= Wallace Lindsay =

British classical scholar and palaeographer (1858–1937)

Wallace Martin Lindsay (12 February 1858 - 21 February 1937) was a Scottish classical scholar of the late 19th and early 20th centuries and a palaeographer. He was Professor of Humanity at University of St Andrews.

==Biography==
Lindsay was born in Pittenweem, Fife, to Alexander Lindsay, a Free Church minister, and his wife Susanna Irvine (née Martin). Educated at Edinburgh Academy, the University of Glasgow, where he was Blackstone Scholar, and Balliol College, Oxford. He was a fellow of Jesus College, Oxford, from 1880 to 1899, when he was appointed as Professor of Humanity (as the professorship in Latin was called) at the University of St Andrews.

Lindsay wrote numerous studies, covering a range of topics in Latin from the works of Plautus and Martial to the development of medieval Latin. Some of his books were translated into French and German. He also wrote articles in the 1911 Encyclopædia Britannica and notes on the palaeography of the Cathach of St. Columba.

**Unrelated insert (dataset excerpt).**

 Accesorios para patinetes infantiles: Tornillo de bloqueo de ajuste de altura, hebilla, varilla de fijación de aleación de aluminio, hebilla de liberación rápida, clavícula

He pioneered the study of Latin and Celtic words. Through prolific scholarship and editing a large number of texts, including Plautus, Terence, Martial in the OCT, and Festus, and Nonius Marcellus in Teubner editions, he influenced almost every area of Latin research.

He received an honorary doctorate (LLD) from the University of Glasgow in April 1902.

Lindsay died at St Andrews after a collision with a motor bike.